With respect and love

June 27, 2015 09:21

(Baonghean) - On the occasion of Vietnam Family Day on June 28th, a reporter from Baonghean Newspaper had a conversation with Major Nguyen Thi Tran Thanh - President of the Women's Association of the Nghe An Border Guard.

- Ms. Nguyen Thi Tran Thanh, I'm curious to know a little about the family life of a female soldier who has achieved many outstanding accomplishments in the Border Guard of the province? Surely, within your family, you've always said, "Military orders are absolute"?

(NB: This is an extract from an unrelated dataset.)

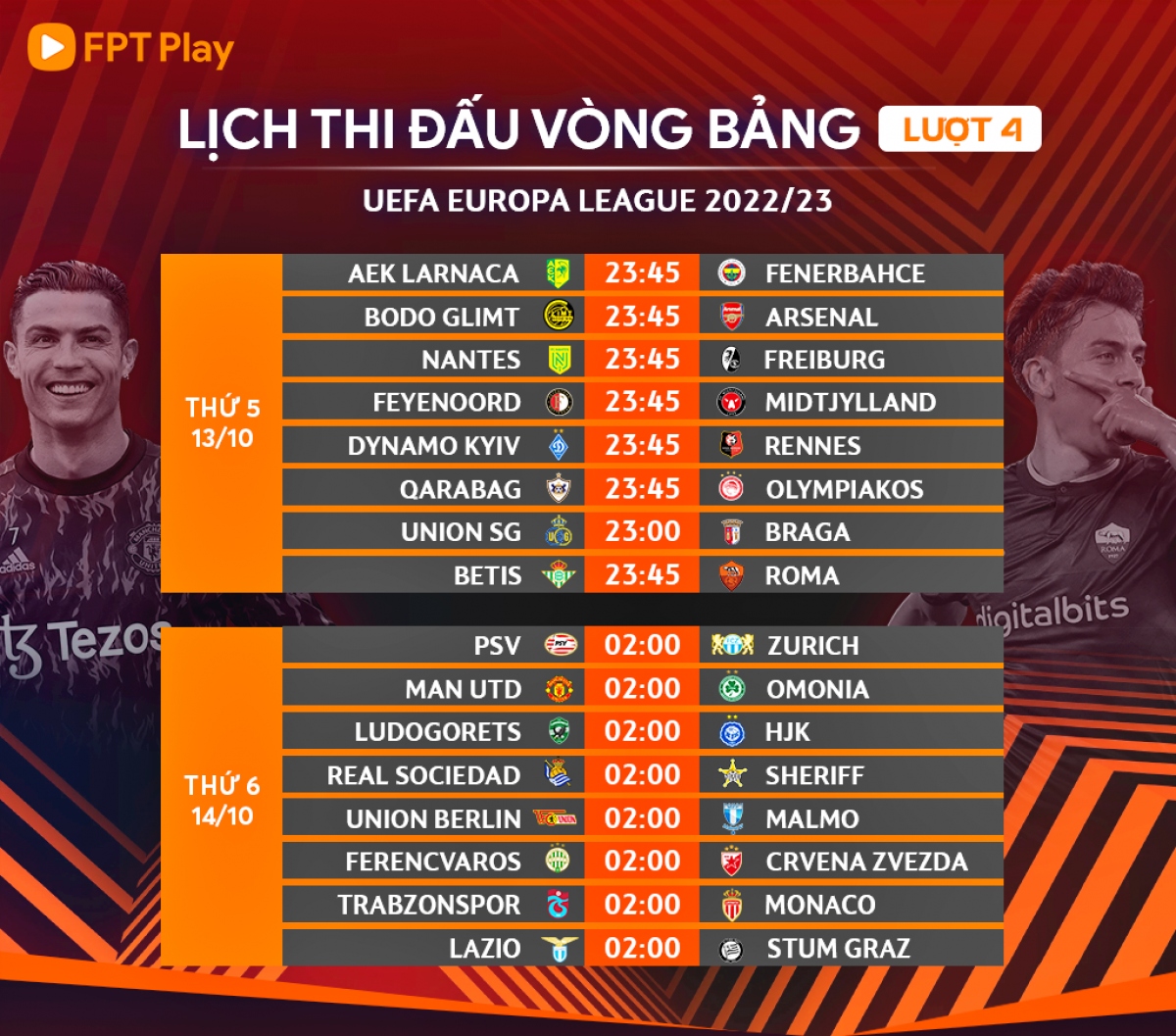 lịch thi đấu europa league lượt trận 4 cơ hội vàng của mu hình ảnh 1 lich thi dau europa league luot tran 4 co hoi vang cua mu hinh anh 1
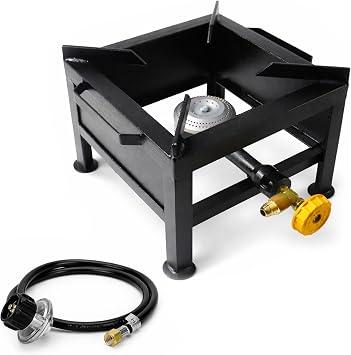 Single Burner Propane Stove - Portable Cast Iron High Pressure Outdoor Propane Burner Cooker,Heavy Duty Square Stove, high btu propane burner for Outdoor Cooking Turkey Fry,Seafood Boil,Homebrewing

- My family is just like any other family. I may be tough and strong when I wear my military uniform, but when I return home, I am a wife and a mother. More than anyone, I understood this from a young age; my parents were also in the armed forces. I got married in 1999. My husband is an electrician for the Vinh Urban Infrastructure Management and Development Company. We have two children, a son (born in 2000) and a daughter (born in 2004). Our income depends on our salaries, so life is still quite difficult. But I always think that difficulties shouldn't make us compare ourselves to others or resent each other, but rather encourage us to work together and strive. Harmony and sharing among family members are extremely important. I am truly content with the life I have: a loving husband, and well-behaved, healthy, and academically successful children. And we all cherish our homes.

- It's considered fortunate for a woman to have a husband who understands, loves, and shares with her. May I ask, have you ever felt resentful or disadvantaged?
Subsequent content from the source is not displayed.